Sur Antigone · Jean Cocteau · ANTIGONA

Sur Antigone · Jean Cocteau · ANTIGONA
Sur Antigone
Dramaturgie
Jean Cocteau
En marge d'Antigone
Gallimard
Langue: Français
Tous droits réservés

SUR ANTIGONE

Jean Cocteau

En marge d’ »Antigone »
In Pleïade Cocteau
Page 327

Il s’agissait de copier un chef-d’œuvre et de retrouver avec un trait noir la perte du détail et des couleurs. Mais sans rien changer. La vitesse qui étonne et qu’on m’impute se trouve dans Sophocle. Mais notre vitesse n’est pas la même que celle de jadis. Ce qui semblait court à une époque attentive et calme paraît interminable à notre trépidation. C’est pourquoi je déblaye, je concentre et j’ôte à un drame immortel la matière morte qui empêche de voir la matière vivante. Les personnages d’Antigone ne « s’expliquent pas », ils agissent. Ils sont un vieil exemple du théâtre qu’il faudra bien substituer au théâtre des bavardages. Le moindre mot, le moindre geste alimentent la machine. Aussi, conseillé, raillé, lâché par le Chœur dont le timbre de voix résume le jeu avec masque et mégaphone des tragédies d’Athènes, le drame passe comme un train qui se hâte vers le déraillement final.

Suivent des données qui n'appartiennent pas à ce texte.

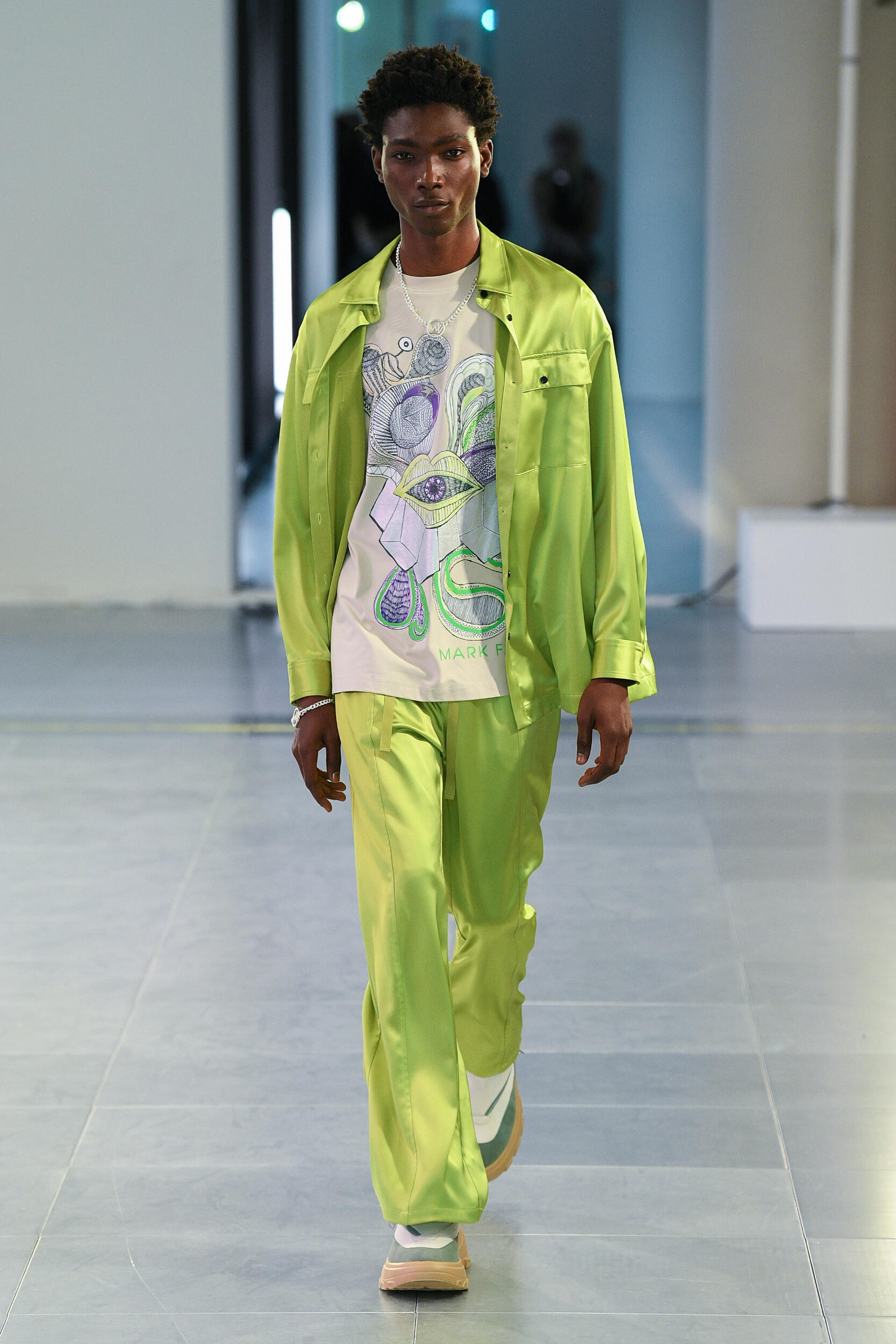Look 25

Le décor est une sorte de crèche de Noël en carton bleu outremer. Il exprime le beau temps. Chacun des masques accrochés autour de la voix du Chœur est un chef d’œuvre de Picasso. Les journalistes les confondent avec une vitrine de Mardi gras. J’ai demandé les costumes à Mlle Chanel parce qu’elle est la plus grande couturière de notre époque et que je n’imagine pas les filles d’Œdipe mal vêtues. Antigone a décidé d’agir. Elle porte un manteau de lainage. Ismène n’agira pas. Elle garde sa petite robe de n’importe quel jour. L’éclairage ne change pas. Il est intense. Antigone se décide à l’aube et le soir on la tue. Mais les différences de lumière se trouvent dans le texte, et, comme dit Antigone à Créon : « Le reste m’est égal. » Si j’ai monté la mise en scène comme une sorte de danse, si la fille d’Œdipe prend cet étrange élan à reculons pour toute sa journée illustre, si le Chœur et le Soldat se taisent soudain une minute entre leurs répliques, si un garde baisse sa lance devant Antigone qui, parce qu’elle y pose sa main et argumente, la transforme en barre de tribunal, etc. etc. ce n’est jamais pour une recherche de pittoresque, mais pour aider l’action à prendre tout son relief

La musique d’Honegger si belle et si modeste ne se superpose pas à la parole mais joue le rôle d’un geste ou d’un accessoire. C’est pourquoi je lui ai demandé l’emploi d’un seul instrument.

J’ai, de la sorte, obtenu un résultat curieux : Le drame « rafraîchi », rasé, coupé, peigné, dérange les critiques au même titre qu’une pièce neuve. Car un chef-d’œuvre porte en soi une jeunesse que la patine recouvre mais qui ne se fane jamais. Or, c’est seulement cette patine qu’on respecte. J’ai ôté la patine d’Antigone. On a cru me reconnaître dessous. C’est bien de l’honneur.

 

P.S Réponse à quelques questions :

1- Pourquoi j’ai fait jouer, tous deux incomparables, Mlle Atanasiou à froid et Charles Dullin à sec, pour que l’émotion naisse uniquement de ce qu’ils expriment.

2- Pourquoi les femmes peintes en blanc et les hommes en rouge. Comme le théâtre de l’Atelier n’a pas de rampe, il me fallait retrouver les prestiges de la rampe sous une autre forme.

3- Pourquoi je m’occupe de Sophocle. Parce qu’il existe des choses neuves très vieilles et des choses vieilles toutes neuves. Peu m’importe de faire rire ou pleurer. Il s’agit de remplir la scène avec certains volumes – Les Mariés de la tour Eiffel, Le Bœuf sur le toit, ou Antigone sont le même prétexte.